THAT’S Sally Magnusson, I told myself, recognising the TV presenter and regular host on BBC’s Songs of Praise as she walked down Cornmarket Street.

Could it really be 25 years since we middle-aged lads in the newsroom voted her the girl we’d most like our sons to bring home to meet the family, while nominating her the natural successor to Dame Joan Bakewell as the thinking man’s crumpet?

A camera team and Songs of Praise producer Charlotte Hindle were trying to get a shot of Sally wandering down the street while talking to the camera. I saw half a dozen attempts, the first five marred by shoppers innocently walking across the line of vision.

The hymn-singing part of the operation was already “in the can” said Charlotte. Where had it been recorded, I asked, expecting the name of some city centre church.

“Gravesend,” she said, “Sally wasn’t at the recording. We’re here to interview someone at the university so we took the opportunity to do the outdoor shots.”

Gravesend church and Oxford street? Where is the connection? Ah well...

Sally couldn’t stay; she had a train to catch. The final walkabout was quickly recorded before she headed off.

When would the programme be screened? February 19, said Charlotte, while recruiting me to explain – in front of the camera – what I meant by the word “temptation”.

We know things are not always what they seem, but this was downright confusing.

* GOD helps those who help themselves – or so they say. Wadham College classics student and founder and producer of Illyria Productions, Aidan Grounds, and marketing guru Carlene Kuschke – reading classics at Brasenose College – were distributing posters along Cowley Road. They were drumming up audiences for their next production, The Hothouse, by Harold Pinter, to be staged at the Oxford Playhouse from February 1-4.

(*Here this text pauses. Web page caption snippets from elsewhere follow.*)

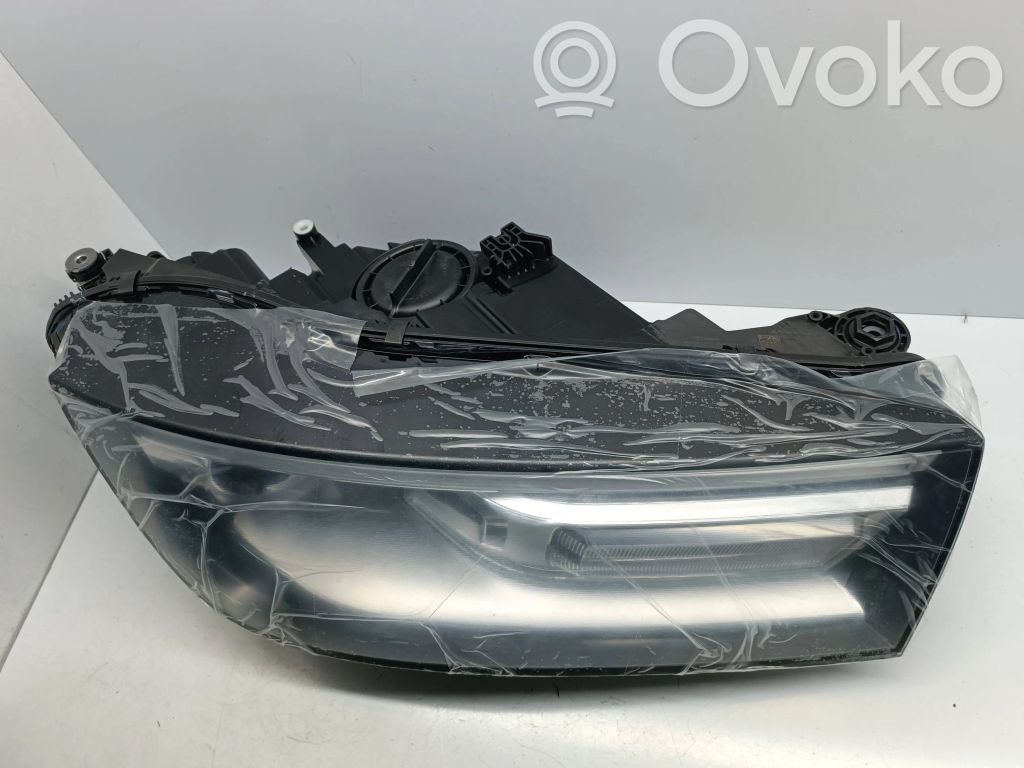 Audi Q5 SQ5 FY Scheinwerfer 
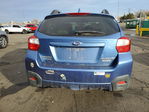 Subaru XV 2016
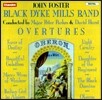 John Foster Black Dyke Mills Band 서곡 모음집 - 존 포스터 블랙 다이크 밀즈 밴드 (Overtures)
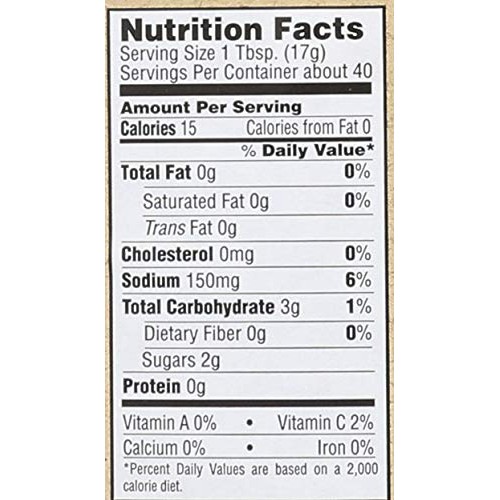 Cucina Antica, Ketchup Tomato Organic, 24 Ounce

Illyria has come a long way since Aidan first launched it in 2008. By his own admission, this is their biggest play yet attempted. With the dedication shown by the dynamic duo, I reckon they are on to a winner.

* FINALLY, a word of thanks to those readers who wished me well when I had to undergo treatment last summer for prostate cancer. This week I was given the good news that I had no need to return to the Churchill Hospital until January 22, 2013.

I know I have been lucky, thanks to my GP insisting on an ‘MOT’ in spite of my vanity. If I could persuade all men ‘of a certain age’ to do the same, it would be wonderful.

Come on, chaps. As Clint Eastwood used to say in those spaghetti westerns: “Make my day.”